Screening and diagnosis of children with autism spectrum disorder (ASD) are crucial for these individuals to receive appropriate ASD-focused intervention as early as possible. Using ASD-specific strategies in early intervention leads to improvement across skill areas. The Autism Diagnostic Observation Schedule, Second Edition (ADOS-2) and the Autism Diagnostic Interview, Revised (ADI-R) are two gold-standard diagnostic instruments used in comprehensive ASD evaluations. These measures have high accuracy in research settings, but evidence of accuracy in clinical settings is less robust. They also require significant training and expertise to administer, and comprehensive ASD evaluations are in high demand. Therefore, it is important to optimize the diagnostic process to ensure that children at-risk for ASD have access to timely evaluations. The first study, a systematic literature review and meta-analysis, showed that these measures had high accuracy overall, with the ADOS-2 performing better than the ADI-R. The ADI-R was less accurate in clinical settings compared with research settings, but results were variable for the ADOS-2. The second study evaluated the accuracy of these measures in a tertiary care center and showed that the ADOS-2 had high accuracy predicting final clinical diagnosis. The ADI-R was additive at times, such as when evaluating older children who may have more complex clinical presentations.
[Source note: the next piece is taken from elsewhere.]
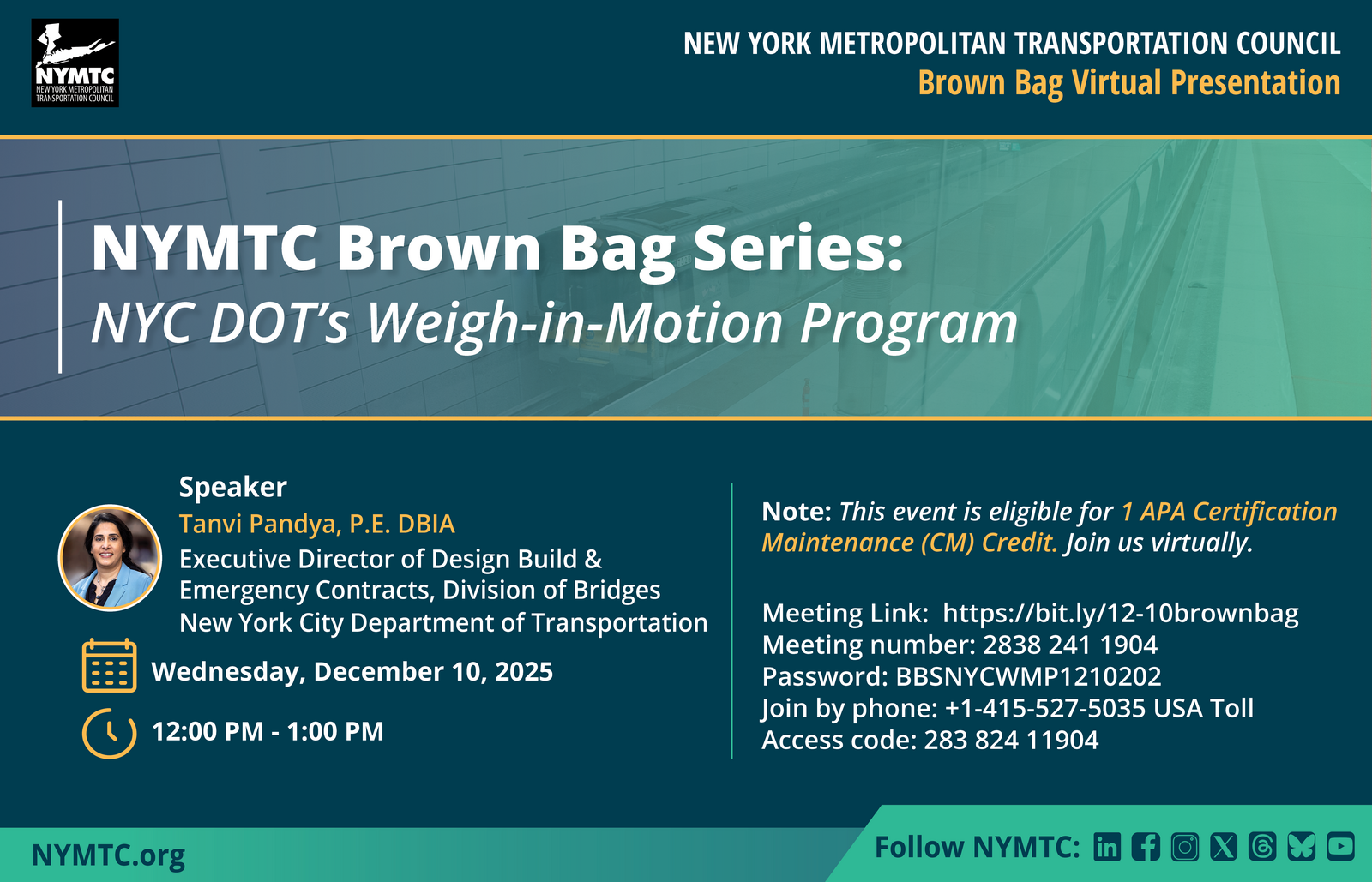 The Brooklyn-Queens Expressway “Weigh-in-Motion” Program (with NYC DOT)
In the third study, the clinical utility of using two screening instruments, the Modified Checklist for Autism in Toddlers, Revised (M-CHAT-R) and the Communication and Symbolic Behavior Scales, Infant-Toddler Checklist (CSBS-ITC), in the triage process in a tertiary care center was investigated. Both screening measures had high sensitivity and low specificity in this setting. The CSBS-ITC predicted both the ASD diagnostic measures and final clinical diagnosis. The M-CHAT-R predicted the ADOS-2, but results for the ADI-R and final clinical diagnosis were mixed. Overall, these studies shed light into the clinical utility of screening and diagnostic measures, particularly the accuracy of the ADOS-2 in ASD evaluations and the additive nature of the use of the CSBS-ITC in screening and clinic assignment. Future research should continue to investigate ways to optimize access to screening, evaluation, diagnosis, and appropriate intervention for children at-risk for ASD.